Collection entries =
====
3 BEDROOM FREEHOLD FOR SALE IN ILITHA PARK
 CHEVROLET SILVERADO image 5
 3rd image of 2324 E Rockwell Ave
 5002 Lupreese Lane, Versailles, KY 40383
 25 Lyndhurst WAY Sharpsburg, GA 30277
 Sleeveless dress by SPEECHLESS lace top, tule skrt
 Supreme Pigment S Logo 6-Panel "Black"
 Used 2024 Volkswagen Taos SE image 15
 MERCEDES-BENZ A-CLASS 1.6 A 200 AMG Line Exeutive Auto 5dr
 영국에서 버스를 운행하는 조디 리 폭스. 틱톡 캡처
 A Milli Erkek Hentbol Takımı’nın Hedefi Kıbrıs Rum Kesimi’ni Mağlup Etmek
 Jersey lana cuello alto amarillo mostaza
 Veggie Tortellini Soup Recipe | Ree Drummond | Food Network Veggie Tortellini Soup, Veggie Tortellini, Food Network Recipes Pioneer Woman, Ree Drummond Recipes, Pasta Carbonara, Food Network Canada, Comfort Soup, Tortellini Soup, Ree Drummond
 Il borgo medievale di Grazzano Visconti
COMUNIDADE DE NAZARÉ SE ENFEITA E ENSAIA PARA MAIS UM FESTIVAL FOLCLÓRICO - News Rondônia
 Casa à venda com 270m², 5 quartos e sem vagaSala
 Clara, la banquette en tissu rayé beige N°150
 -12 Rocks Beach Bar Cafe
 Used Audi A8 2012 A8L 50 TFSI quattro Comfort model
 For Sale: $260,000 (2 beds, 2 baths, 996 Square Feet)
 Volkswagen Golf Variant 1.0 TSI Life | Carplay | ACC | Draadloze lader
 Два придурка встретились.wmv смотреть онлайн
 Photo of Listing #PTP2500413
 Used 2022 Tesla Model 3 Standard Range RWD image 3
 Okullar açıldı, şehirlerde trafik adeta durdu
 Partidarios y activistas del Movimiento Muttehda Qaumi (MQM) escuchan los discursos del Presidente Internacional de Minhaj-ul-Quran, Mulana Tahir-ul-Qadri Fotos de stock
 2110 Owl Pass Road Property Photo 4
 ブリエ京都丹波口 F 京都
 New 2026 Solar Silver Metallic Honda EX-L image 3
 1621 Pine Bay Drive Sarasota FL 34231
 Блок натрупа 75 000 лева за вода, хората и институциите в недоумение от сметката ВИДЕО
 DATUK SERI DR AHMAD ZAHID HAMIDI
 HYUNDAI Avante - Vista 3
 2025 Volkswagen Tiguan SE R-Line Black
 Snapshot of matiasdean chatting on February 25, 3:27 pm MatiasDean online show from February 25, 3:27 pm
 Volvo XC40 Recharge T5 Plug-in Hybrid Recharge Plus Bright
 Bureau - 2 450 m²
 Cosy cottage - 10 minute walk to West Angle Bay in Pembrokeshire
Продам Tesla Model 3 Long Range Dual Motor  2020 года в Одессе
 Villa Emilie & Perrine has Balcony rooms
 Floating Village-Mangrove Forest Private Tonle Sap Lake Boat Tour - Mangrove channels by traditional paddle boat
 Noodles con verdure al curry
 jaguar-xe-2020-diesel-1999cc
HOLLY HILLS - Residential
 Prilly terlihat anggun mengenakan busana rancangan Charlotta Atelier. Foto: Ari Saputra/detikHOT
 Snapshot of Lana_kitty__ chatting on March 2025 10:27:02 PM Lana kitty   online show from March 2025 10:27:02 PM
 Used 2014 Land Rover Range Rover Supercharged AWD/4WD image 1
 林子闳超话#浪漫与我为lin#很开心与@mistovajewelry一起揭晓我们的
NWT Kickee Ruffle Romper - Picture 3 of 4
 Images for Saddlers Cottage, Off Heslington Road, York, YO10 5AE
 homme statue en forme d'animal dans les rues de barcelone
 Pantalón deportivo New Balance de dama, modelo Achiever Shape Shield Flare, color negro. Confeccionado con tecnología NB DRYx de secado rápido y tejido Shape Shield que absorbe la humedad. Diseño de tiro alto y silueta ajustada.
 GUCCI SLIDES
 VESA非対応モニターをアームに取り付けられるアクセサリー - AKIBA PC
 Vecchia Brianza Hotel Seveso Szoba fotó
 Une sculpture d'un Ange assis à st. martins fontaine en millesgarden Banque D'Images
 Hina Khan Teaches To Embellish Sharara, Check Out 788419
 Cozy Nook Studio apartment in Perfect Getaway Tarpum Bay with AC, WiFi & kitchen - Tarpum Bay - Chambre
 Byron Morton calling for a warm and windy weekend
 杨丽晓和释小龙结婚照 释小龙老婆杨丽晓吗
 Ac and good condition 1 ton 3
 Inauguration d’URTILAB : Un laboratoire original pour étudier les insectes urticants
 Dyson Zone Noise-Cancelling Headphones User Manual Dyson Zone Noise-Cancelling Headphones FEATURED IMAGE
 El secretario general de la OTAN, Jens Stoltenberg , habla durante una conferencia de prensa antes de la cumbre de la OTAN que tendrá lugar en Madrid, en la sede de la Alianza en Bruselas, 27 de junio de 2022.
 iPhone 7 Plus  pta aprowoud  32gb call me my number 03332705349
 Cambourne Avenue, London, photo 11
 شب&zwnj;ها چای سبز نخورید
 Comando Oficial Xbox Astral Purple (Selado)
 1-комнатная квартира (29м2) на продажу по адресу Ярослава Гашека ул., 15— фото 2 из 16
====
TASK PROMPT = Wherever a line of the entries holds the string "from", copy that line.

SOLUTION TO THIS TASK =
 Snapshot of matiasdean chatting on February 25, 3:27 pm MatiasDean online show from February 25, 3:27 pm
 Snapshot of Lana_kitty__ chatting on March 2025 10:27:02 PM Lana kitty   online show from March 2025 10:27:02 PM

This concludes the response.